Tendências de Escritórios para 2026:

Espaços com Propósito e Identidade
Durante anos, o design de escritórios foi uma extensão visual da marca — logótipos nas paredes, cores institucionais e soluções funcionais padronizadas. Em 2026, essa abordagem dá lugar a algo mais profundo: o escritório passa a refletir valores e propósito, tanto da empresa como das pessoas que nela trabalham.
O espaço torna-se um lugar com significado, onde se cria ligação emocional e sentido de pertença. Esta mudança tem impacto direto na forma como as empresas pensam o layout, o mobiliário e a experiência diária dos colaboradores — e é aqui que soluções flexíveis, como o renting de mobiliário, assumem um papel estratégico.

O escritório “corporate standard”, impessoal e excessivamente funcional, está a perder relevância.
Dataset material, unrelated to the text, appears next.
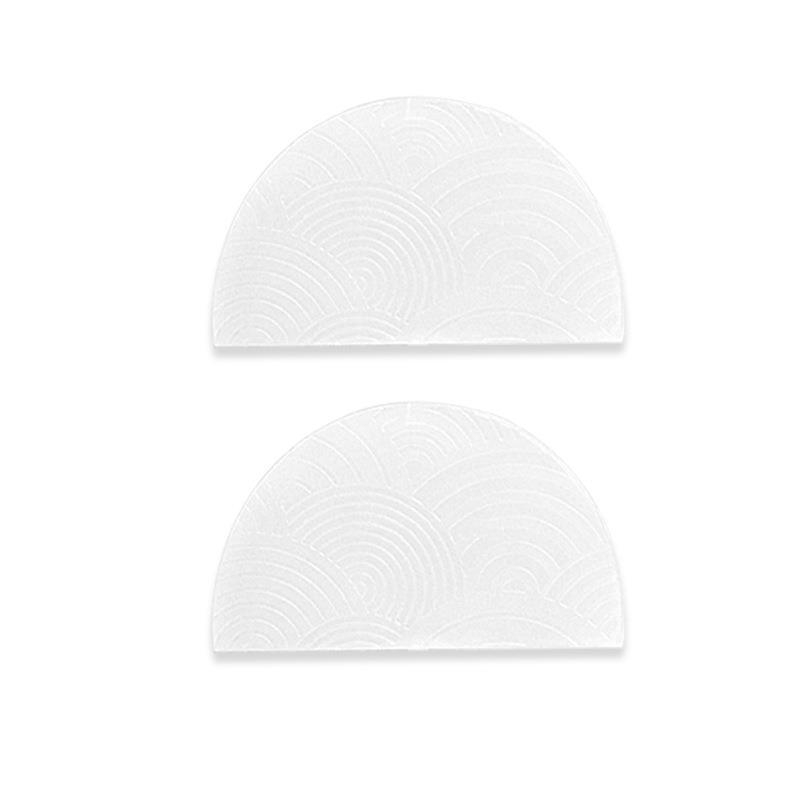 Protuklizne naljepnice za đon cipela, gumene s akrilnim ljepilom, za sve sezone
Em 2026, o foco estará em espaços com carácter, construídos através de camadas: arquitetura, iluminação, materiais, mobiliário e elementos decorativos trabalham em conjunto para criar ambientes mais ricos e humanos.
Para as empresas, isto significa optar por soluções que não sejam definitivas, mas que possam evoluir com o tempo — um dos grandes benefícios do renting de mobiliário: adaptar o espaço sem compromissos permanentes.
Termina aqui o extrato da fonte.